Mas a fila não é privilégio das classes proletárias. A paixão pela fila conquista gentalha de classes mais abastadas. É só passar diante de uma balada-badalada, para ver que a fila também exerce ali seu papel de formadora de opinião pois em última análise ela indica os lugares in do momento. Você entraria em um restaurante que em pleno domingo não exibisse uma fila na porta? Não minta. Ou você acha que o Famiglia Mancini em Sampa recebe centenas de clientes aos domingos por causa das deliciosas pastas e suculentos molhos? Nada disso. Experimente tirar a fila da porta, que é onde as pessoas bebem, conversam, tomam o sol escaldante e ficam em pé durante horas, para ver quantos fins-de-semana resistirá o hit gastronômico deles.

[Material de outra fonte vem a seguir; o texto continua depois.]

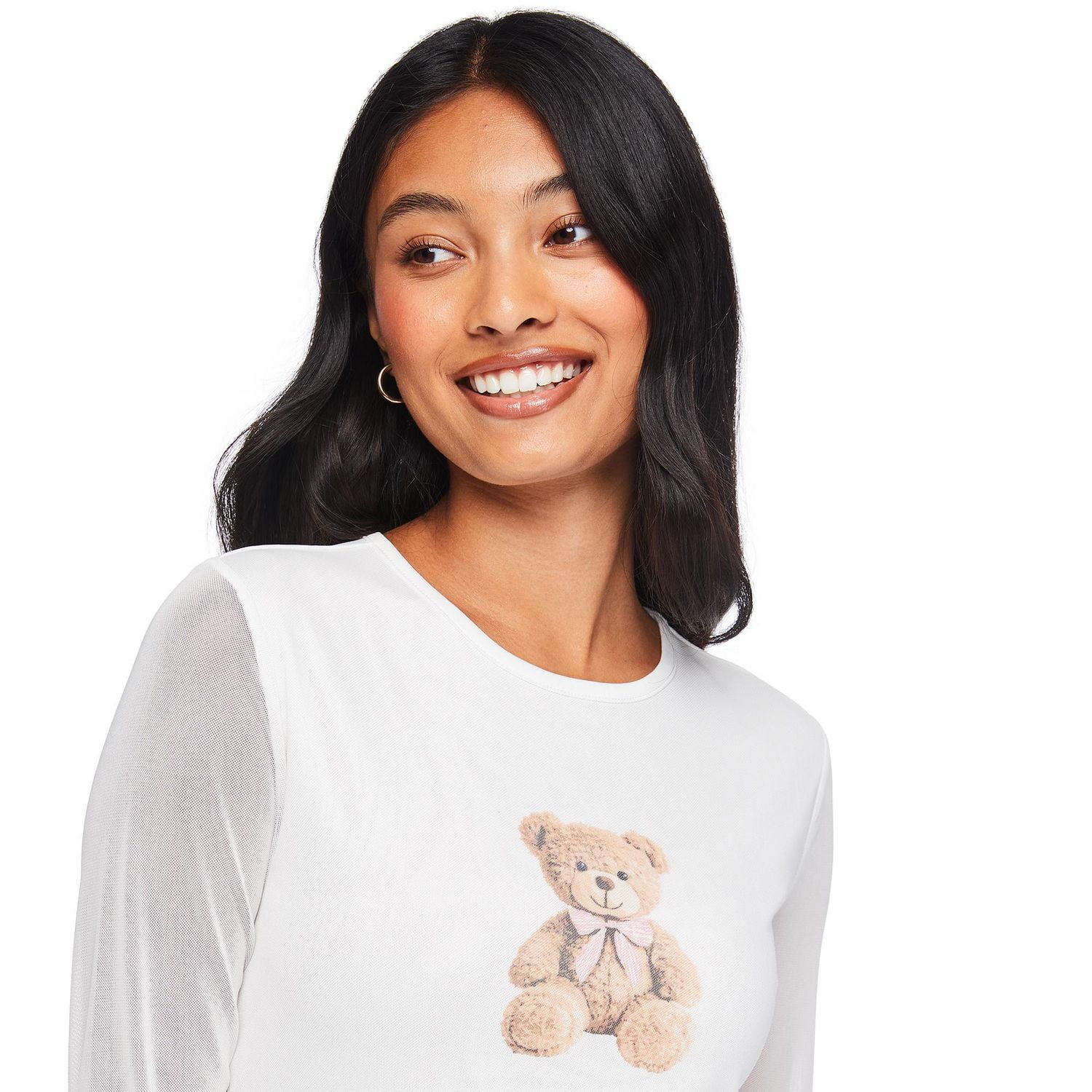 No Boundaries Women's Long Sleeve Mesh Tee, Sizes XS-XXL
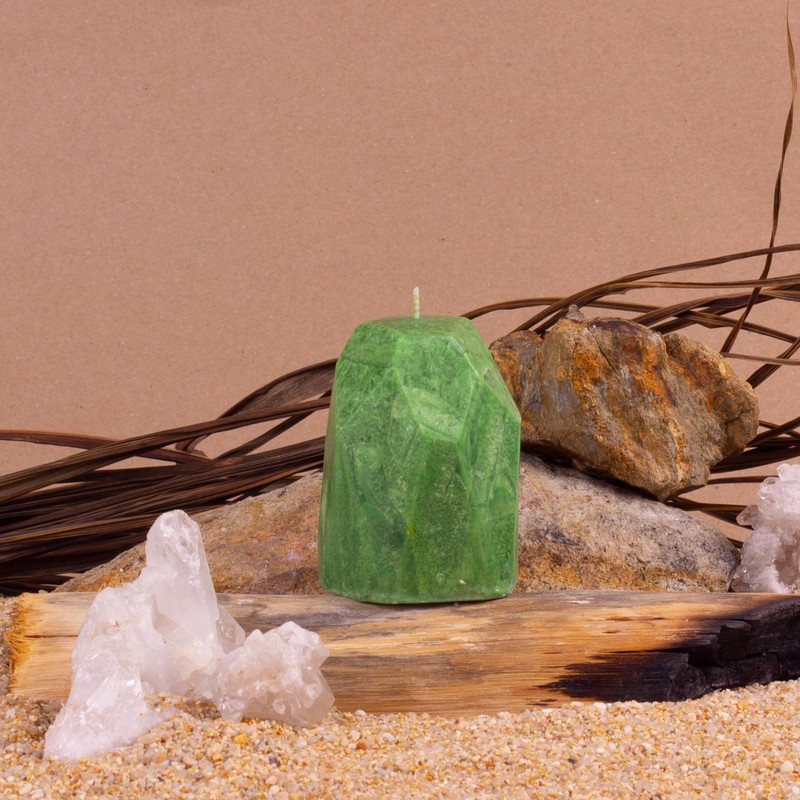 SET de 2 Velas en forma de Cuarzo Malaquita -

A fila tem também um apelo religioso. A Eucaristia teria sido - segundo os evangelhos - instituída pelo próprio Jesus. Fora em uma mesa de refeição sentado junto com seus apóstolos e entes mais queridos. No entanto, o cristianismo de massa instituiu a missa com o povão sentado nos bancos. Mas é só o padre anunciar a distribuição da hóstia que o povo mais do que rápido forma uma imensa fila. As igrejas bem que tentaram instituir ministros auxiliares para levar o sacramento até onde o povo ficava sentado, mas não funcionou. O povo ignorava os ministros e insistia na fila. Assim também as romarias e procissões são expressões religiosas da predileção por filas que o povo tem. Aposto uma caixa de cerveja que a maioria dos romeiros não tem a menor idéia de quem é o santo ou a festividade de determinada procissão. Para os romeiros santa é a fila e isto basta.

Por fim, a fila possui sua expressão e faceta lúdico-infantil. As brincadeiras inocentes como balança-caixão e piuí-abacaxi são embriões do que as crianças almejam para a idade adulta: a fila. Mesmo a brincadeira de ciranda cirandinha exprime um simbolismo filosófico sobre a fila. A roda é nesse caso representa uma fila infinita, que submete as crianças a guinadas de trezentos e sessenta graus. As crianças terminam sempre no mesmo lugar, só apenas um pouco mais tontas e risonhas. Isso é importantíssimo na infância, pois as prepara para a vida adulta, de modo que entrem e saiam de filas em repartições e bancos com um pouco mais de humor.

O estágio mais elevado da fila já foi atingido pela humanidade. Ele está expresso pela criação das filas de sentados. São aqueles locais onde você retira um ticket numerado e fica olhando um painel para ver se seu número é chamado. O painel comprova de forma inquestionável que você não é nada mais do que um número. As cadeiras formam um confortável ambiente, que alude aos sofás das salas de visitas onde as pessoas sentam-se para conversar e contar causos. É como se nem existisse fila e todos estivessem em uma grande reunião de amigos. Por isso raramente se vê pessoas reclamando, já que estão confortalmente sentadas e o painel universaliza a espera.

Eu tenho revelações inéditas sobre a relação do cotidiano com as filas. Só para adiantar uma, o movimento Diretas Já foi uma campanha não pelo direito de voto em si, mas pelo direito de fazer filas imensas nos postos de votação. Quem quiser saber mais, pode contratar minha palestra Sociologia das Filas - Muito além de Marx e Engels ou aguardar o lançamento do meu livro. E você poderá fazer fila para receber meu autógrafo, claro.

Na próxima vez que avistar uma fila, não critique o serviço em questão. Pense nos milhares de freqüentadores que se sentem melhor dia-a-dia ao passar pelas filas.

Um comentário:

JRP disse...

No Orkute, colecionamos amigos de mentira e formamos com eles uma fila de gente descinhecida e conhecida, mas todos atrás de nós.
Logo, é uma fila do Ego!
Fila também pode ser de idolatria da imagem alheia, fila do perdão, fila do desespero, fila da porte e, no cemitério, a fila definitiva, todo mundo perfilado, deitadinho, pela eternidade.
Um ao lado do outro.
Desenvolve mais isso!
Há um alto valor paranóico nessa idéia!